#### Task instructions
Go through the records line by line from the top and repeat each one exactly, ending with the line that contains "Mr. Pen- Lined".
--- Input Enclosed Below ---
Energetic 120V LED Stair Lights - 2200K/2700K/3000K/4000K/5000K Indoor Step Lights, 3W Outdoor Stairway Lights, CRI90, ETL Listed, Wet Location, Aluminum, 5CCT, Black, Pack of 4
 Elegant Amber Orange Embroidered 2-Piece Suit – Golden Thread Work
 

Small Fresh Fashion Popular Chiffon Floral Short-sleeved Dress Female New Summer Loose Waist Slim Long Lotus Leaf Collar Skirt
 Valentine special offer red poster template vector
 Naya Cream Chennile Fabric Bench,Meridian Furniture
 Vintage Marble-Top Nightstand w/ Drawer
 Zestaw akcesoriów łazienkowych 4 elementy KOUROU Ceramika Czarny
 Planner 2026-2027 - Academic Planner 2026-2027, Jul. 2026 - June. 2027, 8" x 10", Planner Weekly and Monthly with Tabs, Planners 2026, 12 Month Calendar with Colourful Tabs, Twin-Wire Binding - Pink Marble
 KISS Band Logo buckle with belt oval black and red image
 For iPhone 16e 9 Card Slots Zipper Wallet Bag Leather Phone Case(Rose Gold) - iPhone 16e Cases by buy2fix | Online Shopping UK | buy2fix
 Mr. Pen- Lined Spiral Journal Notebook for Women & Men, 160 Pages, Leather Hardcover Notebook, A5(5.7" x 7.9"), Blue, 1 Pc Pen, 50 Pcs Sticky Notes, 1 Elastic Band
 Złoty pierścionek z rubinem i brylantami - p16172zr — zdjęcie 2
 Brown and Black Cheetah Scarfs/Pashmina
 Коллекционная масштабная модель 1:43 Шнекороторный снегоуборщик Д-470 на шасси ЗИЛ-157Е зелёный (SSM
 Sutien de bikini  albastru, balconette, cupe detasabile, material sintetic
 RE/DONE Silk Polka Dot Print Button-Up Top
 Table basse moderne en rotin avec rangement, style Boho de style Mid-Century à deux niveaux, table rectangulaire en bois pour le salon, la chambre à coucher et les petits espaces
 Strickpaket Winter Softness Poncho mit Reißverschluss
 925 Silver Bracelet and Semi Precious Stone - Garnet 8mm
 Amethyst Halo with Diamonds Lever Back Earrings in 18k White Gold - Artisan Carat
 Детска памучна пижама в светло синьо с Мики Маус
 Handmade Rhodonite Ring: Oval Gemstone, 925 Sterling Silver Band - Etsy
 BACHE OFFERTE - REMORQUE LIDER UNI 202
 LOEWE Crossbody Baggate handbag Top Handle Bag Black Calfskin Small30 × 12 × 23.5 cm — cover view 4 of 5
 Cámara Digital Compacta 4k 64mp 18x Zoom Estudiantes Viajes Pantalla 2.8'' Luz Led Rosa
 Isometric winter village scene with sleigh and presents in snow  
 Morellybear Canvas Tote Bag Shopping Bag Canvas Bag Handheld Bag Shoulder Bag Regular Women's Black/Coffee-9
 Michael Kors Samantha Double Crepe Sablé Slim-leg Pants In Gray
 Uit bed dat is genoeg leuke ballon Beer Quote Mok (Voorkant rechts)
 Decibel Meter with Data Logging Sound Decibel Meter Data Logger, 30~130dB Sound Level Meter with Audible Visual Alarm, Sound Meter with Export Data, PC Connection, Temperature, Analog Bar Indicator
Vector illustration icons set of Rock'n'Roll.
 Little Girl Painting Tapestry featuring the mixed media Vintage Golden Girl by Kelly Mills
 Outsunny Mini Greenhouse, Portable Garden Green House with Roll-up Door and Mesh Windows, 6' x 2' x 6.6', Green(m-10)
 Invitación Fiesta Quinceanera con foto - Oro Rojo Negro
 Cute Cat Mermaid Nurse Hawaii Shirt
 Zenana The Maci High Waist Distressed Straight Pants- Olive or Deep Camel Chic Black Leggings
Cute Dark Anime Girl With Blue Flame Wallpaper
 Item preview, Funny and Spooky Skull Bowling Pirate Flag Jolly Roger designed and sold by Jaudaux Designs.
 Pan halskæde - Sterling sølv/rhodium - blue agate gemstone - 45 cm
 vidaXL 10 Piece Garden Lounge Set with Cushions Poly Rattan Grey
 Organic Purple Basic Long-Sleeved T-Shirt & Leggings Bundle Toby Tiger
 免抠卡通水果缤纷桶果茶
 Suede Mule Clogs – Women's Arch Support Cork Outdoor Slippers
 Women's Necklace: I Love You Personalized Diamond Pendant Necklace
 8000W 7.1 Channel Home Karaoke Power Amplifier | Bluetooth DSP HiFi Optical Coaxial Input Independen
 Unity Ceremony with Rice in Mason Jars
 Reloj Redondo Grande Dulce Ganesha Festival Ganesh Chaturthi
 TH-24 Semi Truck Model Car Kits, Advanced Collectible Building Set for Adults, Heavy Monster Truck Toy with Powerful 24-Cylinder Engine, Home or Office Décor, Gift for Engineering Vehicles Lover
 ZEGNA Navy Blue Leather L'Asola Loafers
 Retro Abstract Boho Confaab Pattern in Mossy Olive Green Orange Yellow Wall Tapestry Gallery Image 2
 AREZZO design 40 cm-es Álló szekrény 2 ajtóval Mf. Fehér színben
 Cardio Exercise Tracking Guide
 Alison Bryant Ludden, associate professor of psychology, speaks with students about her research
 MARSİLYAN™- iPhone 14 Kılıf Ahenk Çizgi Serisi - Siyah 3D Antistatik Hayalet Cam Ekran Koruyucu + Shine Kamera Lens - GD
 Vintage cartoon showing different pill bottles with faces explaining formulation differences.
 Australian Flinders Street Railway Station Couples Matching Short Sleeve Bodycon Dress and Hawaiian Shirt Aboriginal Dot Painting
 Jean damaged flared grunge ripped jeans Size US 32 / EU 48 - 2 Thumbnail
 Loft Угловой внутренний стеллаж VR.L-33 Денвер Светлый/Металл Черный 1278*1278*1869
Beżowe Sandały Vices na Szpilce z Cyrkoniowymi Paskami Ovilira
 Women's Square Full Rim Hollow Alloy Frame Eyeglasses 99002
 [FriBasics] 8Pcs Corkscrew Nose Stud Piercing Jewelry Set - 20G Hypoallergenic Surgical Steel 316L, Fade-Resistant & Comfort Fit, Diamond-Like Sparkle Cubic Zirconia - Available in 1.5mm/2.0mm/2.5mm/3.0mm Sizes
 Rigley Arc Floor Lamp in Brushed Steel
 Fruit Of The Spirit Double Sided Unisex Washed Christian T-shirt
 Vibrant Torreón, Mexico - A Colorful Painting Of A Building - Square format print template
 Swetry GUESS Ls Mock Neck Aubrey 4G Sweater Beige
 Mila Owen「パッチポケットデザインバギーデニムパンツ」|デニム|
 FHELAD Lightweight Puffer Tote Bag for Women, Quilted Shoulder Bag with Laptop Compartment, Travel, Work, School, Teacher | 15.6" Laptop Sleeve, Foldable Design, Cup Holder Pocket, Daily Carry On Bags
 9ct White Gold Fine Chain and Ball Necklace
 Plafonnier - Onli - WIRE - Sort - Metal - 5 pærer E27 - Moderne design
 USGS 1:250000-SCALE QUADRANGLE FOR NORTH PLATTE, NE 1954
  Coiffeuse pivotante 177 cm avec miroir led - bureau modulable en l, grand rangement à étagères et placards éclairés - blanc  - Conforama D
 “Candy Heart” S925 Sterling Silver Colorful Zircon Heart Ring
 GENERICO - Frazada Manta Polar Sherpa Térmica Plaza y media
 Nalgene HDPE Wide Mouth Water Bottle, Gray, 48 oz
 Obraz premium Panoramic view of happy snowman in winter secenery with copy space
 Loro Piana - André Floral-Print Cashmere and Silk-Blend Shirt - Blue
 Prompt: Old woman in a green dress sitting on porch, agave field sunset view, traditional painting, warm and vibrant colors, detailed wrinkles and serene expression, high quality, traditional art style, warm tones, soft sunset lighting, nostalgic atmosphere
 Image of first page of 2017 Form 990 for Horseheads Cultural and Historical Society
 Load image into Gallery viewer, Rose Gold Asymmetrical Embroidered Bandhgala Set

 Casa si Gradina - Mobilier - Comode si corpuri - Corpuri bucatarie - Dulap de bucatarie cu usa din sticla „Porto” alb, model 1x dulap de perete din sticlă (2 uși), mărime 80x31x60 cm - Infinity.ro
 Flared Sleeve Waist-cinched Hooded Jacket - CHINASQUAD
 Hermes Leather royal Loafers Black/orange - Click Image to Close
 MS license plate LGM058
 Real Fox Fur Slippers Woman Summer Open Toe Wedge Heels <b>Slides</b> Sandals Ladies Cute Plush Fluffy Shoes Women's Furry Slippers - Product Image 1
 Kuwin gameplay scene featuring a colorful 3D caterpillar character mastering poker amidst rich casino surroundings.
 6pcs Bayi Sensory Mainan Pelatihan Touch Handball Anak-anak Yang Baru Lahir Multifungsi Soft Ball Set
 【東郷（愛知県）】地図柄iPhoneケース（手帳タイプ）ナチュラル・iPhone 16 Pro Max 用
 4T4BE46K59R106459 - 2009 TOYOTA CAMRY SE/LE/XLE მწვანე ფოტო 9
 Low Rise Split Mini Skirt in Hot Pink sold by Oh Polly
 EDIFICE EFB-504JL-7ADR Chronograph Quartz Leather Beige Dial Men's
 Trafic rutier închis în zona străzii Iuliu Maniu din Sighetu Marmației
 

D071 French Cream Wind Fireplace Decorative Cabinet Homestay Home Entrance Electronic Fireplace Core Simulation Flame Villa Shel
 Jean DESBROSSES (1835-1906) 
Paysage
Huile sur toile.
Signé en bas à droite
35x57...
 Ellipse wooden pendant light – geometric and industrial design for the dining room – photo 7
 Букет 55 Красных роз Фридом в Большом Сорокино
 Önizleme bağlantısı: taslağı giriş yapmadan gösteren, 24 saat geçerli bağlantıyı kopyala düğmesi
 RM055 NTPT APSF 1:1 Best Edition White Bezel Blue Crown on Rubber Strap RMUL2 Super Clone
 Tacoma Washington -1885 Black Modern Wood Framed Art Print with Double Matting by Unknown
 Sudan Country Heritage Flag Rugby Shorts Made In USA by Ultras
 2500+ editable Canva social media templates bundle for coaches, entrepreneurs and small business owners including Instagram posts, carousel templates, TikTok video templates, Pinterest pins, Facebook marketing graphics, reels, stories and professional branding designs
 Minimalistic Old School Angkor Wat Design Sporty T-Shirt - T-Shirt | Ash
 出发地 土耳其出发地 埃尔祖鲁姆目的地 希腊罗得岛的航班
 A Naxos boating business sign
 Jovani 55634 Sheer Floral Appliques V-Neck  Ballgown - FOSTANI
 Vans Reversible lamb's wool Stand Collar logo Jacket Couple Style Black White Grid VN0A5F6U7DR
--- End of Enclosed Input ---
#### Solution for this task
Energetic 120V LED Stair Lights - 2200K/2700K/3000K/4000K/5000K Indoor Step Lights, 3W Outdoor Stairway Lights, CRI90, ETL Listed, Wet Location, Aluminum, 5CCT, Black, Pack of 4
 Elegant Amber Orange Embroidered 2-Piece Suit – Golden Thread Work
 

Small Fresh Fashion Popular Chiffon Floral Short-sleeved Dress Female New Summer Loose Waist Slim Long Lotus Leaf Collar Skirt
 Valentine special offer red poster template vector
 Naya Cream Chennile Fabric Bench,Meridian Furniture
 Vintage Marble-Top Nightstand w/ Drawer
 Zestaw akcesoriów łazienkowych 4 elementy KOUROU Ceramika Czarny
 Planner 2026-2027 - Academic Planner 2026-2027, Jul. 2026 - June. 2027, 8" x 10", Planner Weekly and Monthly with Tabs, Planners 2026, 12 Month Calendar with Colourful Tabs, Twin-Wire Binding - Pink Marble
 KISS Band Logo buckle with belt oval black and red image
 For iPhone 16e 9 Card Slots Zipper Wallet Bag Leather Phone Case(Rose Gold) - iPhone 16e Cases by buy2fix | Online Shopping UK | buy2fix
 Mr. Pen- Lined Spiral Journal Notebook for Women & Men, 160 Pages, Leather Hardcover Notebook, A5(5.7" x 7.9"), Blue, 1 Pc Pen, 50 Pcs Sticky Notes, 1 Elastic Band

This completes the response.